Times of Israel reports:
The UN cultural body’s World Heritage Committee is set to vote on a controversial draft resolution challenging Jewish historical ties to the Old City of Jerusalem and the Temple Mount and calling of a return to the “historic status quo” on the holy site. A similar resolution was adopted by the organization’s executive board in April, a move that infuriated Israel.

A revised joint Palestinian-Jordanian draft resolution on “the Old City of Jerusalem and its walls” was submitted to the 21-member committee which is convening for its annual meeting in Istanbul, Turkey. The text calls for a return of the Temple Mount and the al-Aqsa Mosque to “the historic status quo,” a status that existed before the 1967 war.
The language of "historic status quo" is new and wasn't in the April resolution.

The wording implies that the anomalous situation in Jerusalem during the 19 years between 1948 and 1967 was not anomalous at all, but was a "historic status quo."

While this absurd draft resolution denies any Jewish connection to Judaism's holiest site on the Temple Mount and the Western Wall, the use of the word "historic" to refer to before 1967 could easily be used to claim that any Jewish presence in the Old City is a violation of the 1948-1967 situation when Jordan ensured that the Old City was Jew-free.

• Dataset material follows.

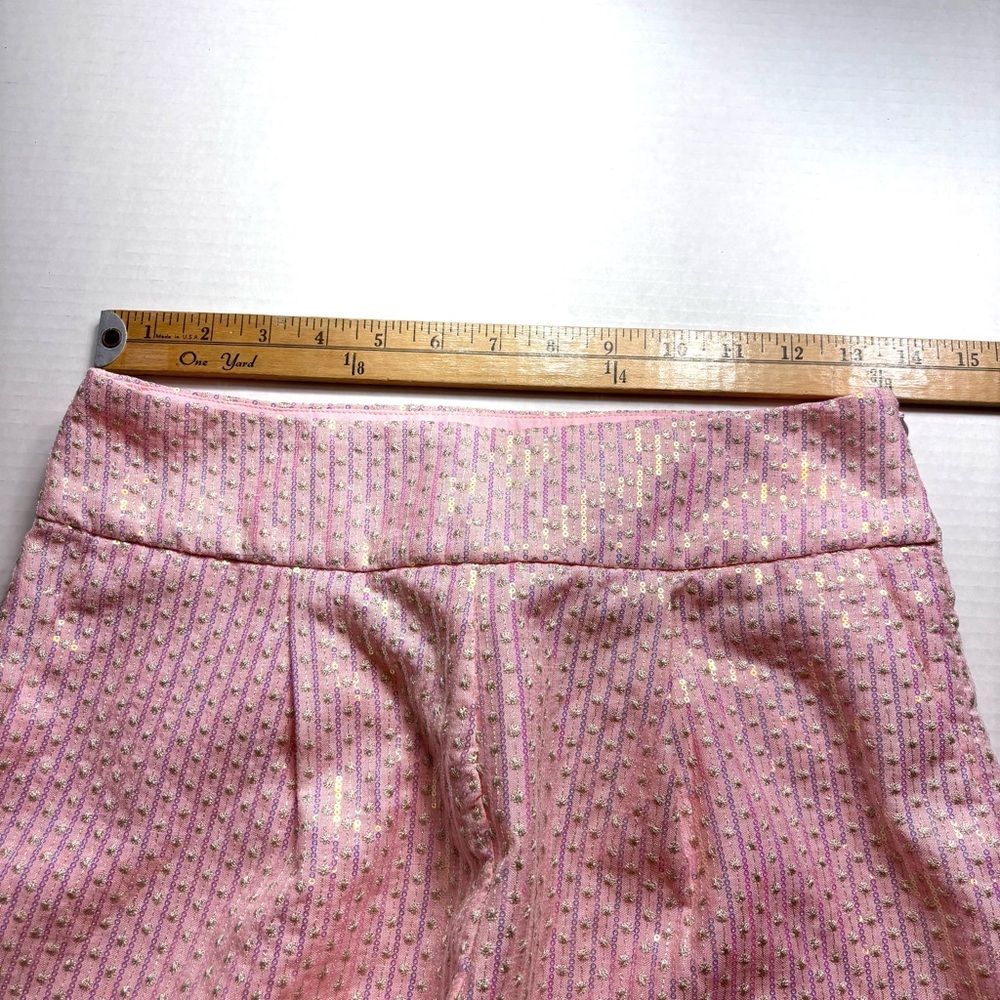 Sequins Embroidered Shorts Pink 3” inseam Pleated Pockets Women’s size 4 NWOT - Picture 5 of 14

The PLO and Jordan have an interestingly skewed definition of "historic." After all, neither Jordan nor the Palestinian Arab people existed a hundred years ago, if you try to look for them in any contemporaneous newspaper articles or books.

The Palestinians use the word "Historic Palestine" to refer to the borders of British Mandate Palestine, an entity that existed for less than three decades. There are no maps of "historic Palestine" that include those borders prior to 1920.

By emphasizing the word "historic' to refer to events that are a blink in the eye of history, the Palestinians and Jordanians are attempting to remove any Jewish connection to the only historic Jewish land.

After all, if events that happened in the 20th century are "historic," then anything before than is prehistoric and irrelevant.

The intentional misuse of the word "historic" is an attempt to ethnically cleansethe Jewish people from history - and to inflate the value of the recently invented Jordanian and Palestinian Arab people.

Perhaps Israel should submit a new resolution to return Jerusalem to the historic status quo of how it was under King Solomon. At the very least it could expose how the Arabs are trying to hijack the very word.